= TASK DIRECTIONS =
Take the line containing "Squeegee Budget Line, Rear" through the last line of the data and retype those lines exactly. Pictures do not belong in the copy.

[Dataset records]
········
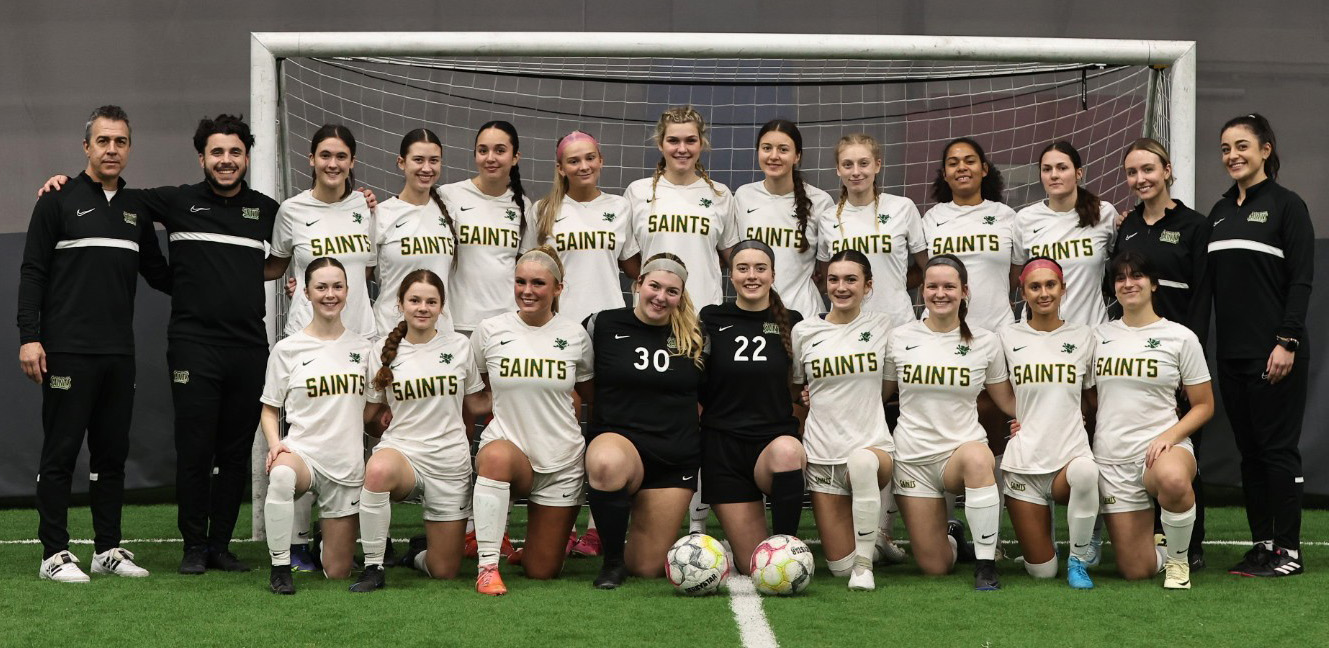 Women's Indoor Soccer Headed to Provincial Championship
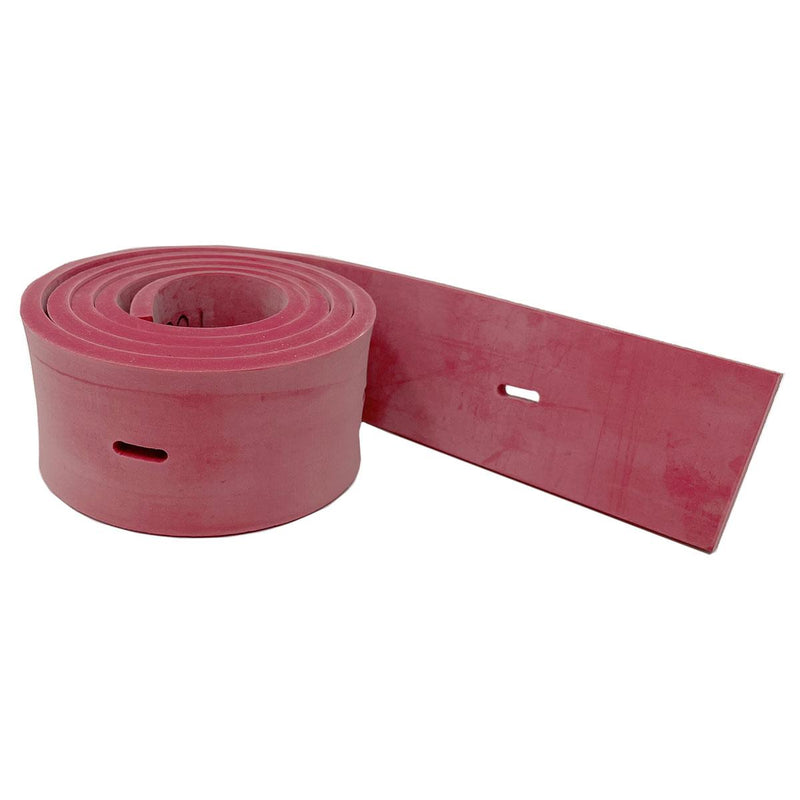 Squeegee Budget Line, Rear .25In Red, Fits Tn 390922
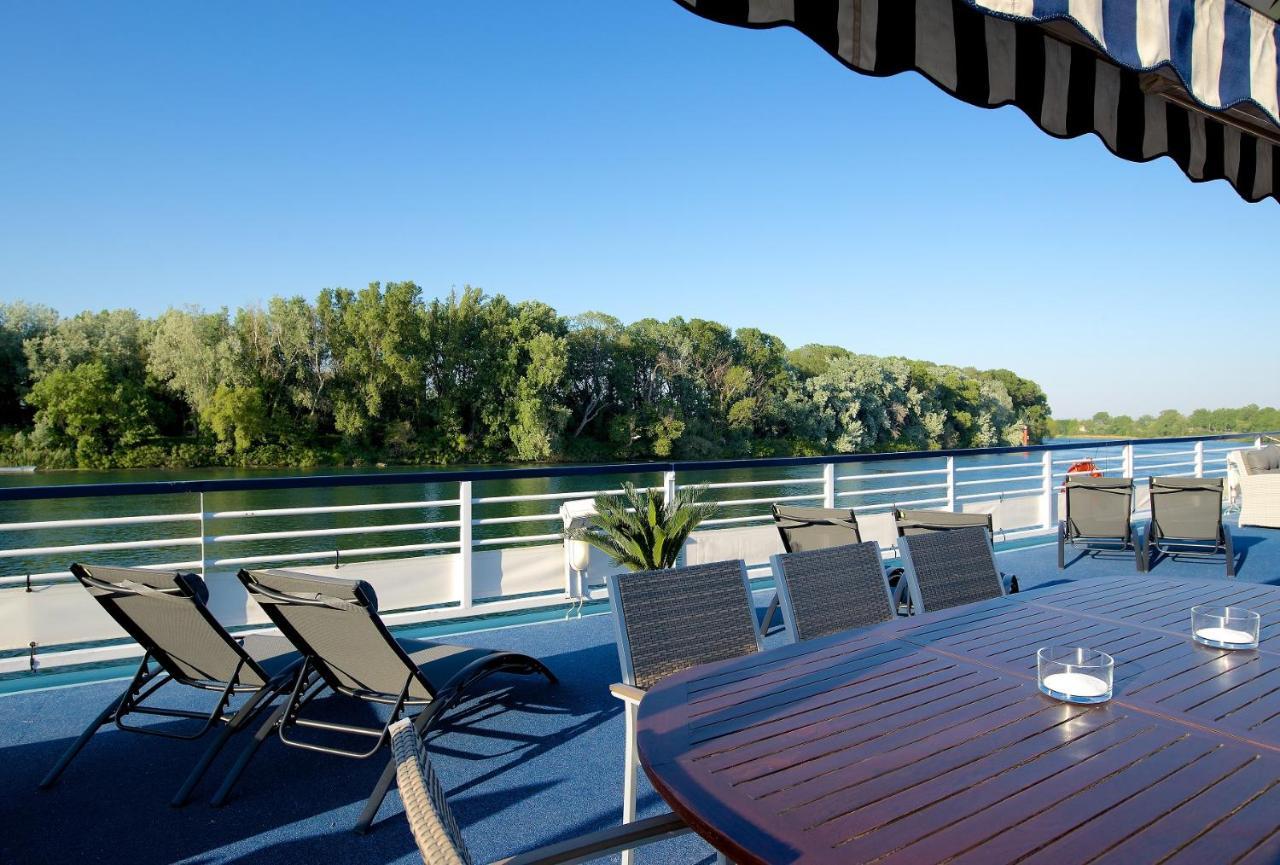 Bateau Hotel A Quai Le Chardonnay Avignon Luaran gambar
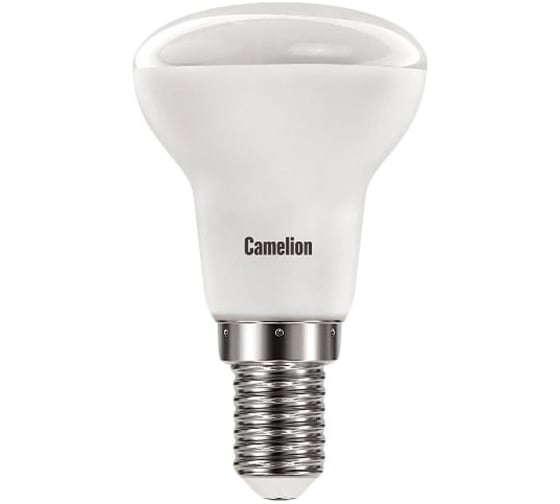 Электрическая светодиодная лампа Camelion ELMR50-6W-83K-E14 13743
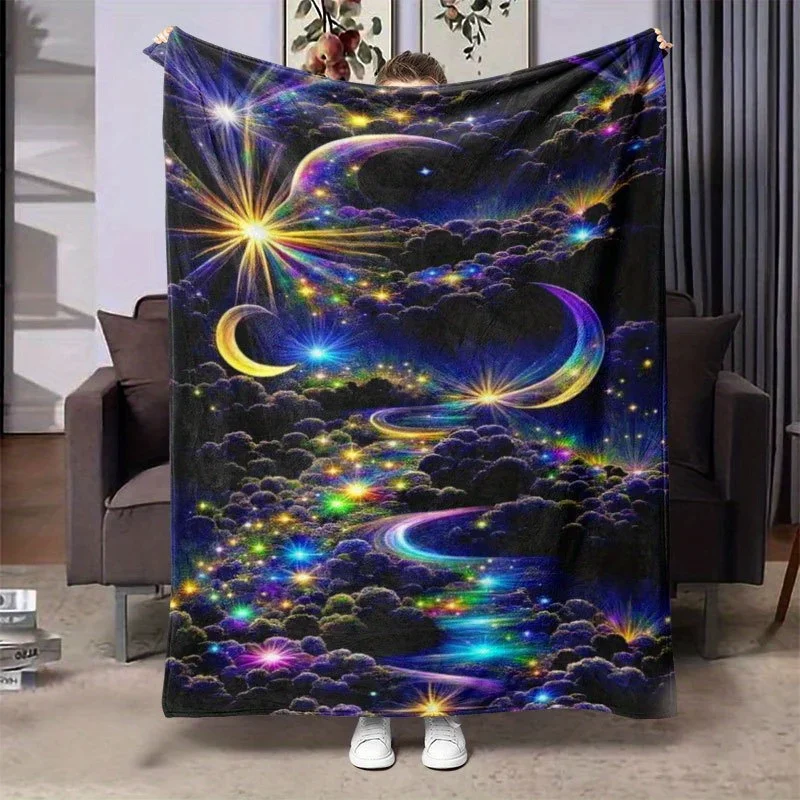 pc Enchanting Night Sky Cosmic Clouds Printed Flannel Blanket Soft Warm AllSeason Throw for Sofa Bed Office or Camping
pc Enchanting Night Sky Cosmic Clouds Printed Flannel Blanket Soft Warm AllSeason Throw for Sofa Bed Office or Camping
········
= EXERCISE OUTPUT =
 Squeegee Budget Line, Rear .25In Red, Fits Tn 390922
 Bateau Hotel A Quai Le Chardonnay Avignon Luaran gambar
 Электрическая светодиодная лампа Camelion ELMR50-6W-83K-E14 13743
 pc Enchanting Night Sky Cosmic Clouds Printed Flannel Blanket Soft Warm AllSeason Throw for Sofa Bed Office or Camping
pc Enchanting Night Sky Cosmic Clouds Printed Flannel Blanket Soft Warm AllSeason Throw for Sofa Bed Office or Camping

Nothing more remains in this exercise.